> _Problem to work on_: All of the records below are to be given again word for word, with the pictures removed.

(Short descriptive text snippets)
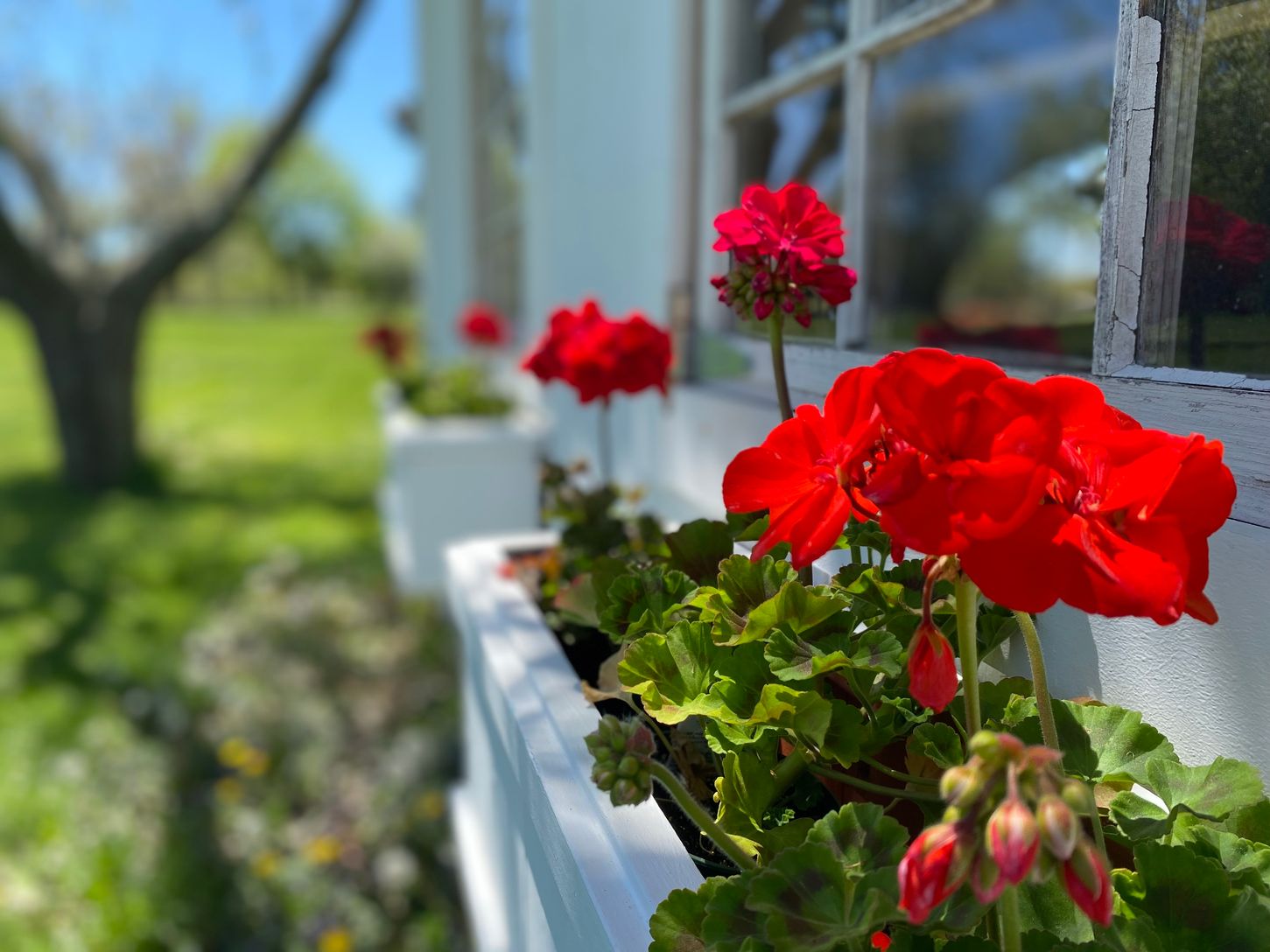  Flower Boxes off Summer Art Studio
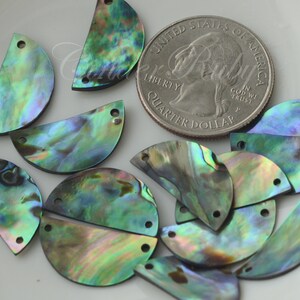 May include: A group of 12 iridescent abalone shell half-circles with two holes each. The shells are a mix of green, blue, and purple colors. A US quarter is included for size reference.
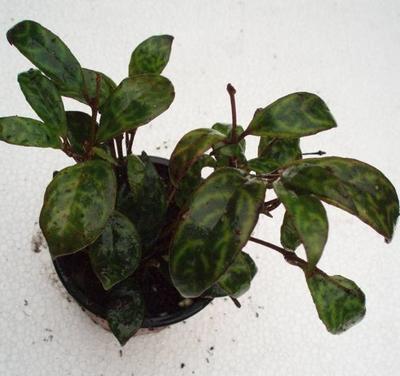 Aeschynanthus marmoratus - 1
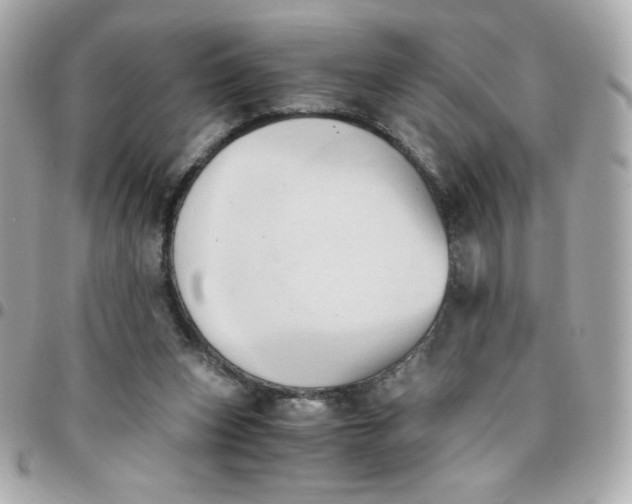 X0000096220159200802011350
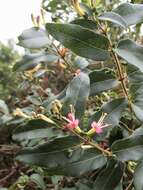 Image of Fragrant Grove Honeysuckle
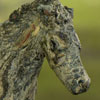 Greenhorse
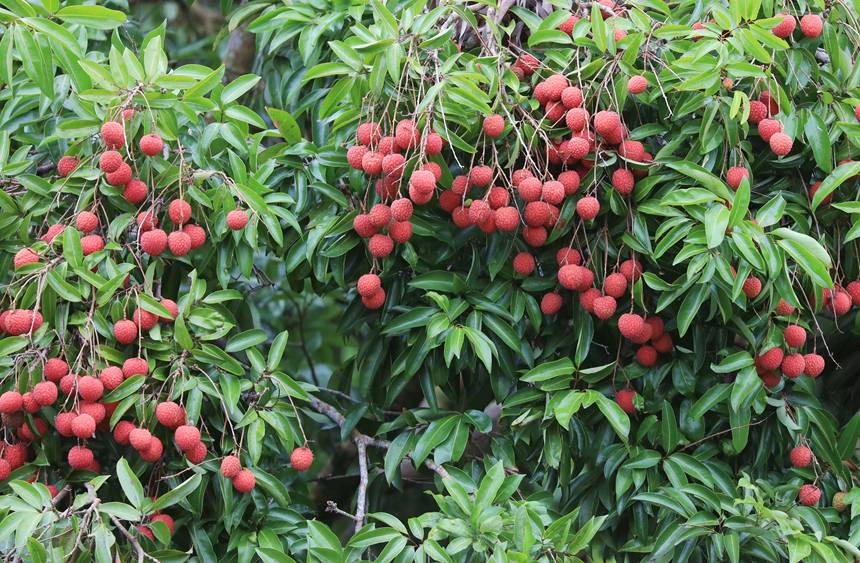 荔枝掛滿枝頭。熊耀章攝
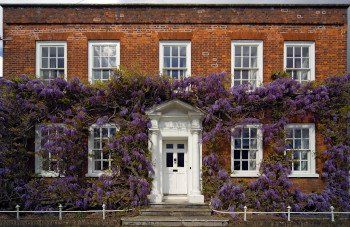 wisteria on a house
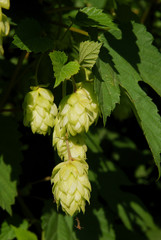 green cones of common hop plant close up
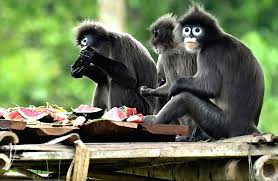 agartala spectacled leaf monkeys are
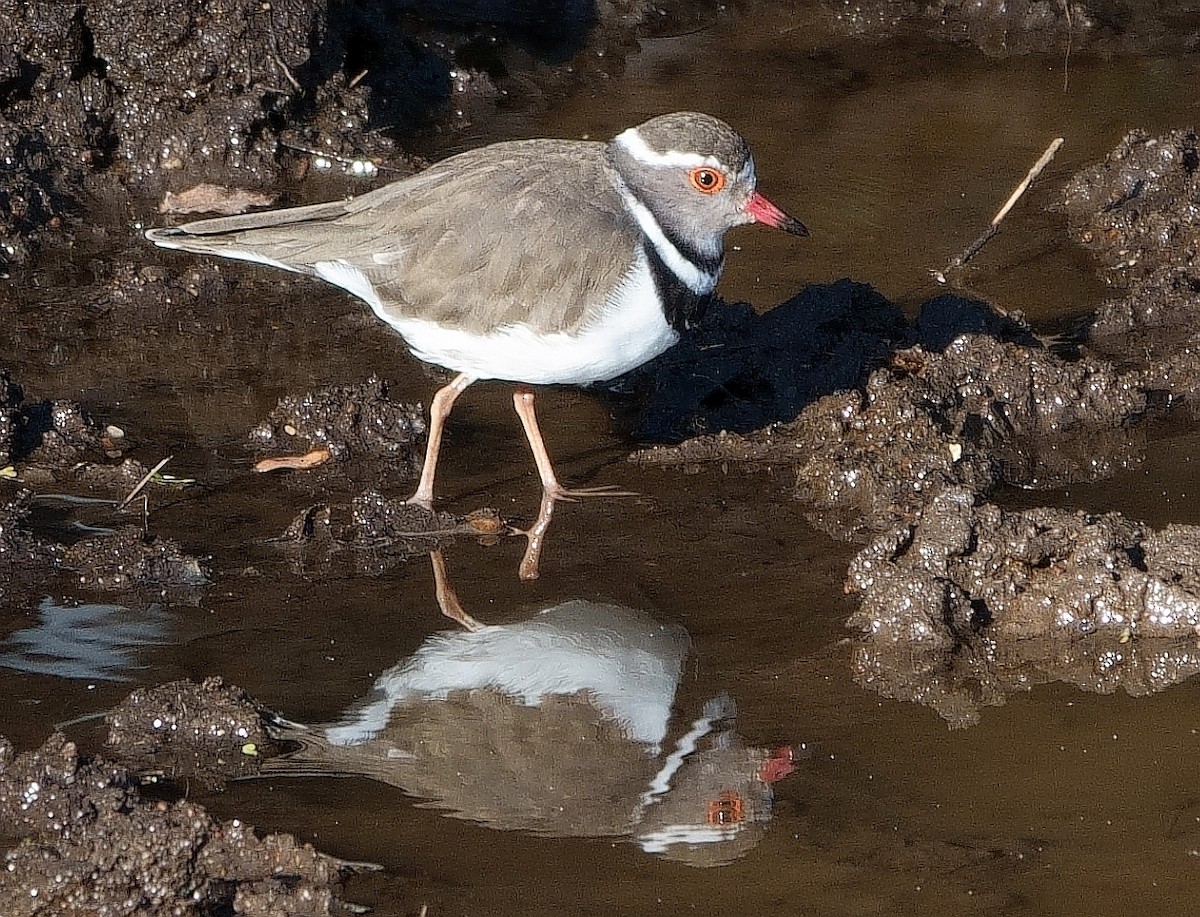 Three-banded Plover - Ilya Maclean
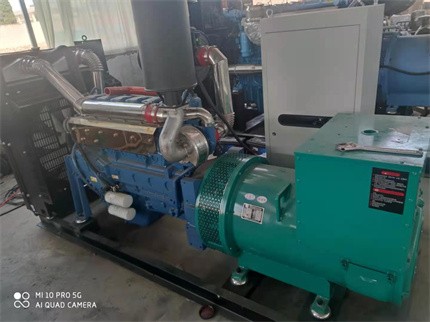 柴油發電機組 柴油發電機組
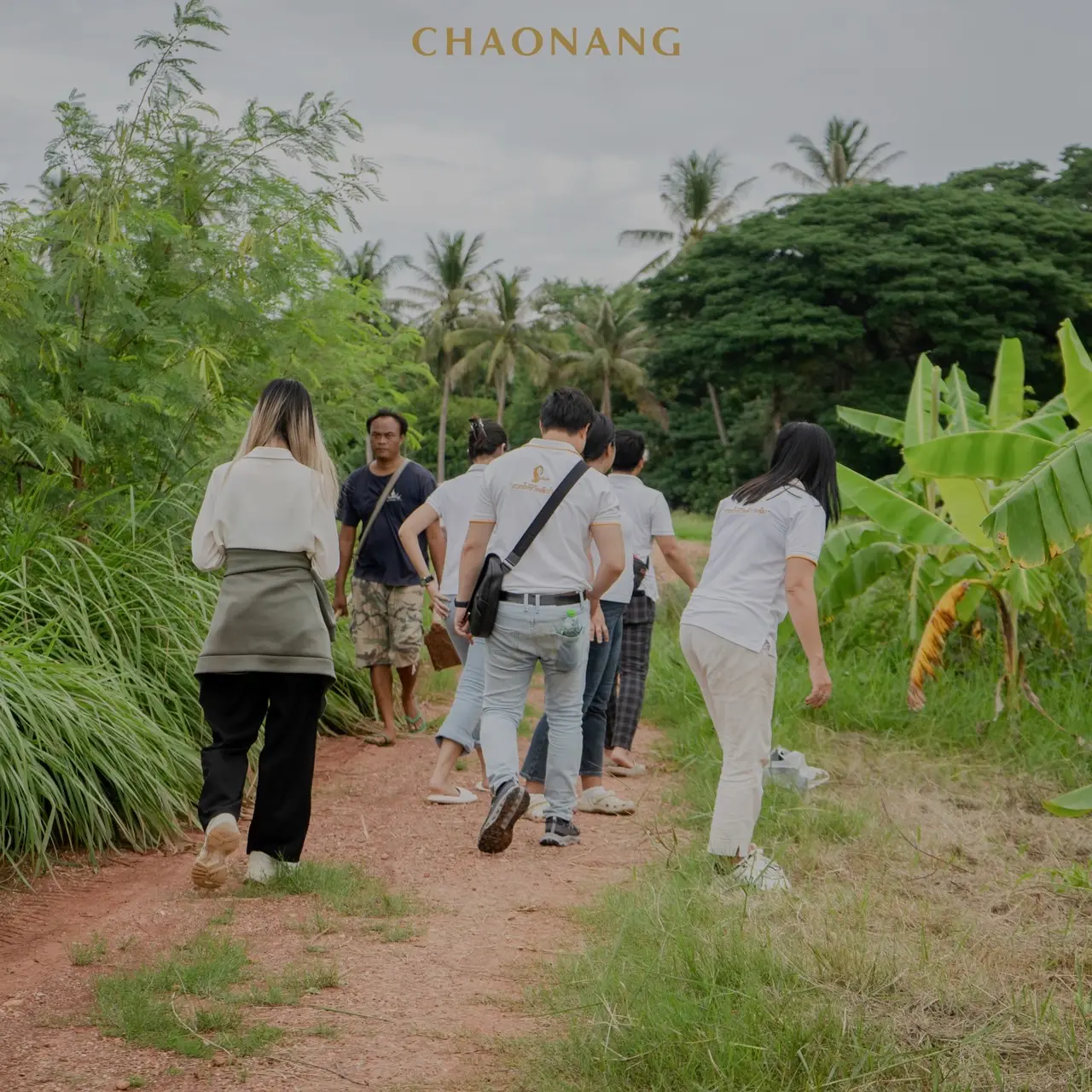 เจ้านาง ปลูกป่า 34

> _Expected answer_:
  Flower Boxes off Summer Art Studio
 May include: A group of 12 iridescent abalone shell half-circles with two holes each. The shells are a mix of green, blue, and purple colors. A US quarter is included for size reference.
 Aeschynanthus marmoratus - 1
 X0000096220159200802011350
 Image of Fragrant Grove Honeysuckle
 Greenhorse
 荔枝掛滿枝頭。熊耀章攝
 wisteria on a house
 green cones of common hop plant close up
 agartala spectacled leaf monkeys are
 Three-banded Plover - Ilya Maclean
 柴油發電機組 柴油發電機組
 เจ้านาง ปลูกป่า 34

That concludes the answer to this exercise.